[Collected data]
=====
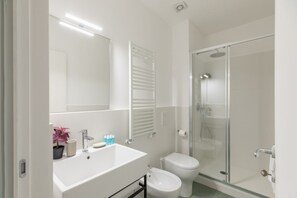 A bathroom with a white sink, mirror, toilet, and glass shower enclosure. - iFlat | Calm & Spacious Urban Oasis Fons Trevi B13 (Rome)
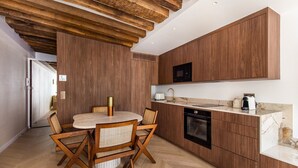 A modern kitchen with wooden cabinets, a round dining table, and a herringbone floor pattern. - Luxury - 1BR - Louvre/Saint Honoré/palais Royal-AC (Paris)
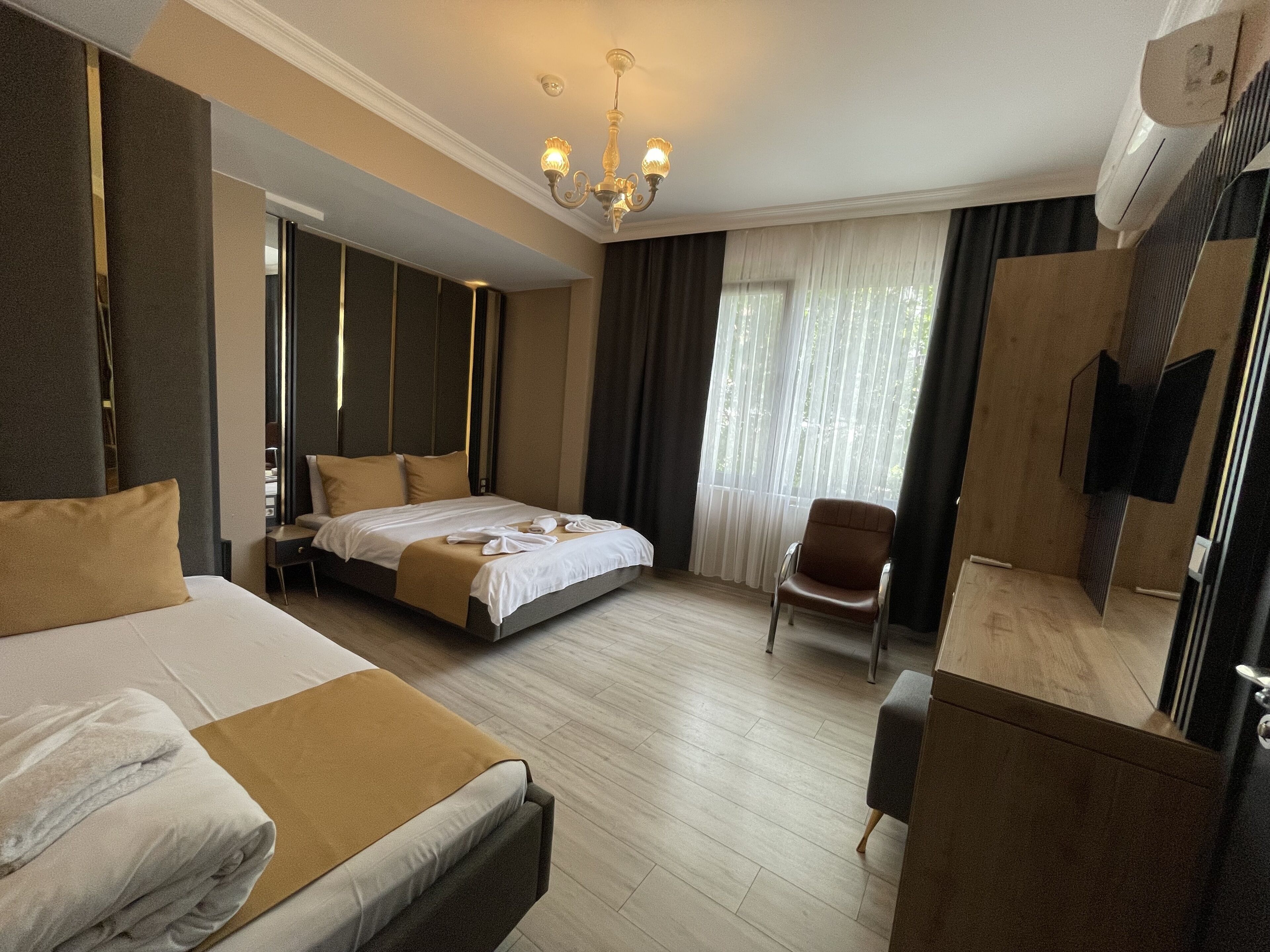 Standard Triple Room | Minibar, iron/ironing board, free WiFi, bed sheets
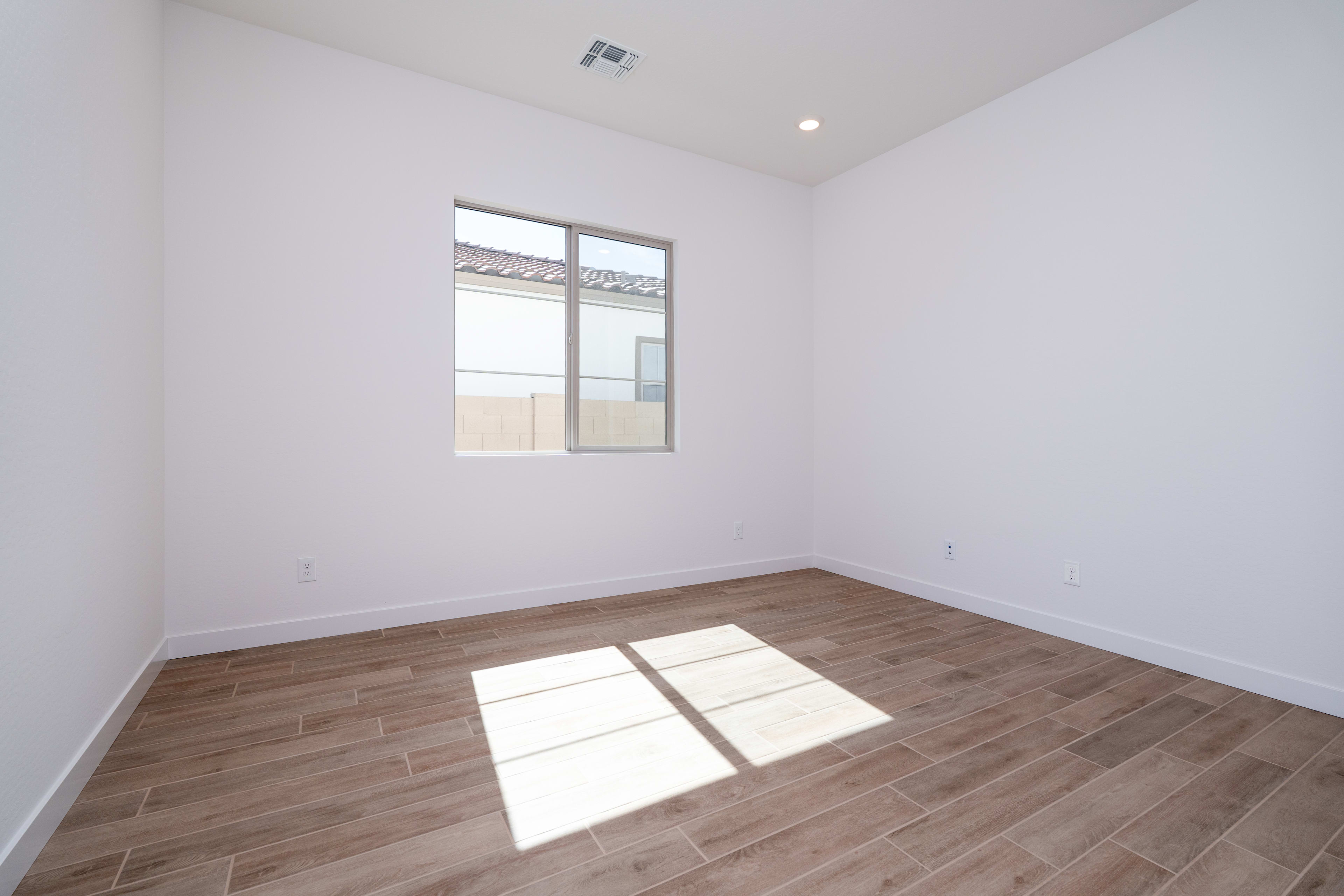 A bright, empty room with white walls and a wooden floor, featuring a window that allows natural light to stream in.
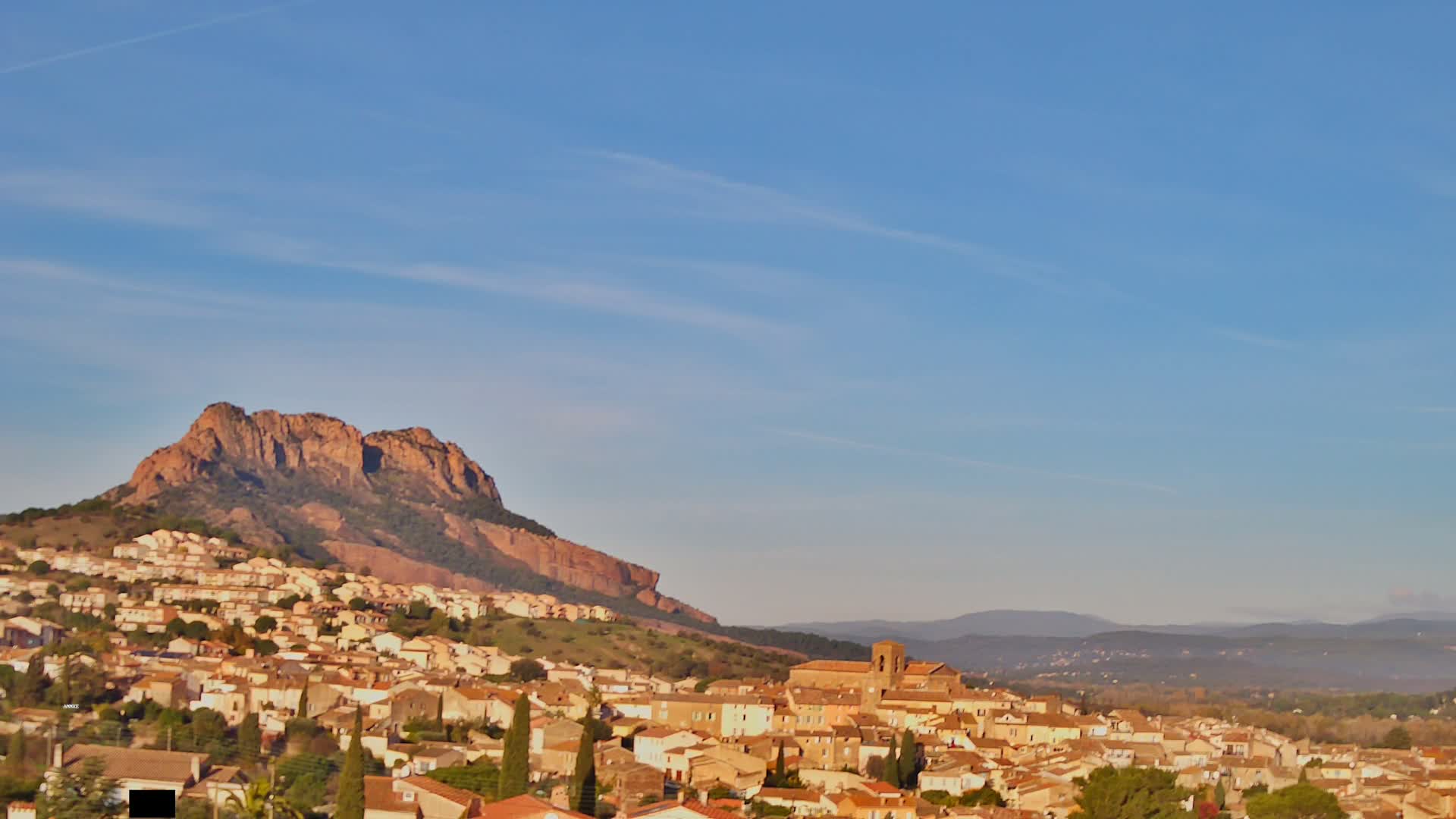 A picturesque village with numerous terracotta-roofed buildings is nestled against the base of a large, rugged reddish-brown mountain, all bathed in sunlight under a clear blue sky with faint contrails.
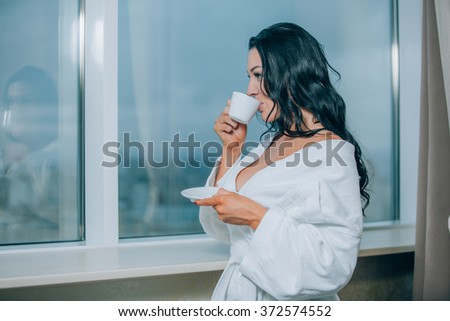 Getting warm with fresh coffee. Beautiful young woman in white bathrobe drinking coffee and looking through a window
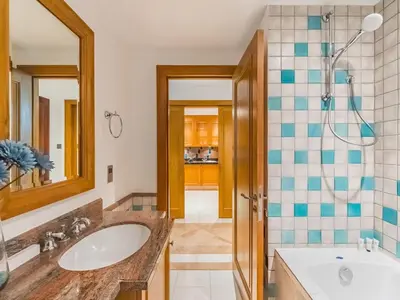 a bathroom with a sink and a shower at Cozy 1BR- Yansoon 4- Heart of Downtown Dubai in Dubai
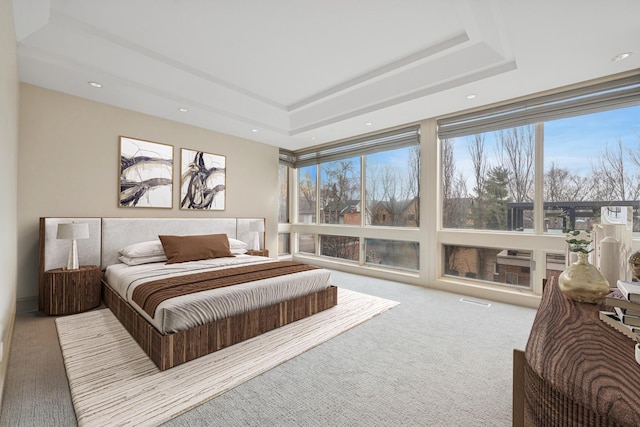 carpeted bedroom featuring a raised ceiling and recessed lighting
=====
What needs to be done
Your task is to set down exactly the lines that run from the line holding "Getting warm with" through the close of the entries, including both ends. Pictures stay out.

Answer to this exercise
 Getting warm with fresh coffee. Beautiful young woman in white bathrobe drinking coffee and looking through a window
 a bathroom with a sink and a shower at Cozy 1BR- Yansoon 4- Heart of Downtown Dubai in Dubai
 carpeted bedroom featuring a raised ceiling and recessed lighting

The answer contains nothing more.